Freezing cocktails in the pewter pitcher, in the repetition of minor duties which, Lee Randon thought, now constituted four-fifths of his life, he told himself that Claire Morris had never looked better: she was wearing a dress of a soft negative blue material, high about her throat, with glimpses of bright embroidery that brought out her darkly vivid personality. Claire had a slim low-breasted figure, gracefully broad shoulders; and her face, it might be because of its definite, almost sharp, outline, held the stamp of decided opinions. Claire's appearance, he recognized, her bearing, gave an impression of arrogance which, however, was only superficially true—she could be very disagreeable in situations, with people, that she found inferior, brutally casual and unsympathetic; but more privately, intimately, she was remarkably simple-hearted, free from reserve. She was related to Lee through her father, a good blood, he told himself; but her mother had brought her a concentration of what particular vigorous aristocracy—an unlimited habit of luxury without the responsibility of acknowledged place—the land afforded.
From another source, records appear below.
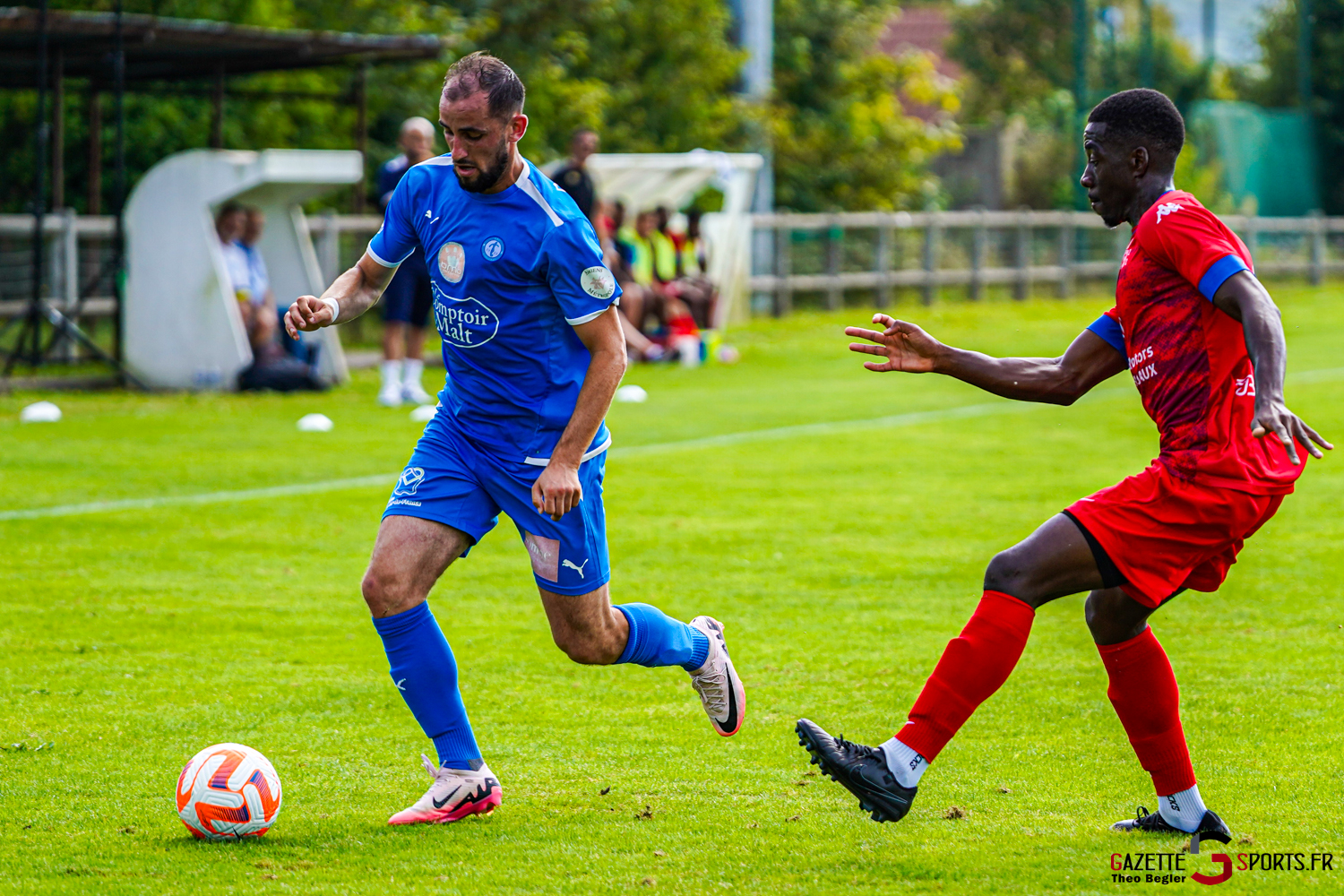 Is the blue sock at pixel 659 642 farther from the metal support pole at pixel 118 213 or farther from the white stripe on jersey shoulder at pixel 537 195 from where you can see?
the metal support pole at pixel 118 213

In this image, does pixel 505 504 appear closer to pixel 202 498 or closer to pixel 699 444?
pixel 202 498

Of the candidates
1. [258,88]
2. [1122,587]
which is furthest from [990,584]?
[258,88]

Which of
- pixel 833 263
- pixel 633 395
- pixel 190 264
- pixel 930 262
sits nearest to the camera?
pixel 633 395

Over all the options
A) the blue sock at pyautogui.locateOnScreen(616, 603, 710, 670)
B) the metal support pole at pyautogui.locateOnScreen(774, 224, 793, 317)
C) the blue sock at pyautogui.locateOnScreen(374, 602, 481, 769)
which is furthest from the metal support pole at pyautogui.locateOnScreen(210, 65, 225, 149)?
the blue sock at pyautogui.locateOnScreen(374, 602, 481, 769)

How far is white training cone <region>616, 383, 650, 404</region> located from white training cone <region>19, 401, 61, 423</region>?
4795mm

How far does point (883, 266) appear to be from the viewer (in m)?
29.2

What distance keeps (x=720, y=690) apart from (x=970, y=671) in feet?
4.16

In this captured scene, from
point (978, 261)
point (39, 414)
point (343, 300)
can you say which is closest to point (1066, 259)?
point (978, 261)

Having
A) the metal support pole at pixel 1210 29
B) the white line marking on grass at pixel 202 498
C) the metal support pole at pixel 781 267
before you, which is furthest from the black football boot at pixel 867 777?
the metal support pole at pixel 1210 29

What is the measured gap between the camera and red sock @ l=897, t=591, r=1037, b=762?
4.30 m

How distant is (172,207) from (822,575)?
9.95m

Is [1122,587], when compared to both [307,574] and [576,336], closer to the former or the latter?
[576,336]

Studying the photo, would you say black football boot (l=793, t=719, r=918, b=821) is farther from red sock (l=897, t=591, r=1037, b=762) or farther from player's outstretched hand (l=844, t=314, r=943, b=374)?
player's outstretched hand (l=844, t=314, r=943, b=374)

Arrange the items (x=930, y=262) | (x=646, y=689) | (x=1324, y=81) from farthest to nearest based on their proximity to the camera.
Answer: (x=1324, y=81) < (x=930, y=262) < (x=646, y=689) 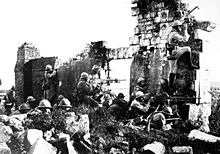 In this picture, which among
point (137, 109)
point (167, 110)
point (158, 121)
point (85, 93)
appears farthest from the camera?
point (85, 93)

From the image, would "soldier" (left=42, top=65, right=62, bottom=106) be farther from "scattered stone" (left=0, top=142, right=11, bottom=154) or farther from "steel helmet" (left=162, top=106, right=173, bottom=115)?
"scattered stone" (left=0, top=142, right=11, bottom=154)

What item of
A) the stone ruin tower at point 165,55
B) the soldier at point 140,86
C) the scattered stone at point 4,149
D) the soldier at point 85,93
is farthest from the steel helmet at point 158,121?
the scattered stone at point 4,149

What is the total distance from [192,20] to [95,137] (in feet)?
16.7

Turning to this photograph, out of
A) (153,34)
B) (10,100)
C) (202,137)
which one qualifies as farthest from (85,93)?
(10,100)

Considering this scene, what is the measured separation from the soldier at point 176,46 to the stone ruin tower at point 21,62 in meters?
6.99

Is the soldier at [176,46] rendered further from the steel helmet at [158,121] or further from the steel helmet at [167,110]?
the steel helmet at [158,121]

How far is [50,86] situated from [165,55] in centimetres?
496

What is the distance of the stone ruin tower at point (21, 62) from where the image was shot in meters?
14.7

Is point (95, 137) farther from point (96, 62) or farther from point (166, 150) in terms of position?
point (96, 62)

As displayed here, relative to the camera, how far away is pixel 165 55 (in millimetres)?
10766

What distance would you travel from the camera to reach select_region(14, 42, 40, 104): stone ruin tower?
48.1ft

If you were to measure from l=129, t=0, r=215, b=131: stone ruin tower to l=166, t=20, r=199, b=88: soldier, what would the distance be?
124 mm

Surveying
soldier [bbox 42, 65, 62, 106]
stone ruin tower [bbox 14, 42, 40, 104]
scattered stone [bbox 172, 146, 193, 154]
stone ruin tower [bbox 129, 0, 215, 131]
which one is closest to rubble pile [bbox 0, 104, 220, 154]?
scattered stone [bbox 172, 146, 193, 154]

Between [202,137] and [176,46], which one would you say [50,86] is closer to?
[176,46]
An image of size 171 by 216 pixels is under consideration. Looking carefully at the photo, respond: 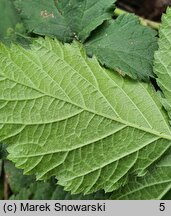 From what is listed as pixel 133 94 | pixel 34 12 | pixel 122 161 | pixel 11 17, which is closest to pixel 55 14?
pixel 34 12

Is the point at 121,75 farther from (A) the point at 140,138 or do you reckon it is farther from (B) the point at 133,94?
(A) the point at 140,138

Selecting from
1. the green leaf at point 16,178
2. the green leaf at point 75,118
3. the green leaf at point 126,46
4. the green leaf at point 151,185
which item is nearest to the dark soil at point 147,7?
the green leaf at point 126,46

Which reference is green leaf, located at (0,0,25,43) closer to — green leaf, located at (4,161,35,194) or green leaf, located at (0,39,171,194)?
green leaf, located at (0,39,171,194)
The drinks had been consumed, the soup disposed of, when Claire said abruptly, “Peyton is going to leave me.”

Although, in a way, Lee had been prepared for such an announcement, the actuality upset him extremely. Fanny gasped, and then nodded warningly toward the waitress, leaving the dining-room; at any conceivable disaster, he reflected, Fanny would consider the proprieties.

“When did he tell you?” Fanny demanded.

“He didn't,” Claire replied; “I told him. It was a great relief to both of us.”

“Say what you like outside,” Lee put in vigorously; “but at least with us be honest.”

“I am, quite,” she assured him; “naturally I don't want Peyton to go—I happen to love him. And there's Ira. But it was an impossible position; it couldn't go on, Peyton was absolutely wretched, we both were; and so I ended it. I laid out all his best silk pajamas so that he'd look smart—”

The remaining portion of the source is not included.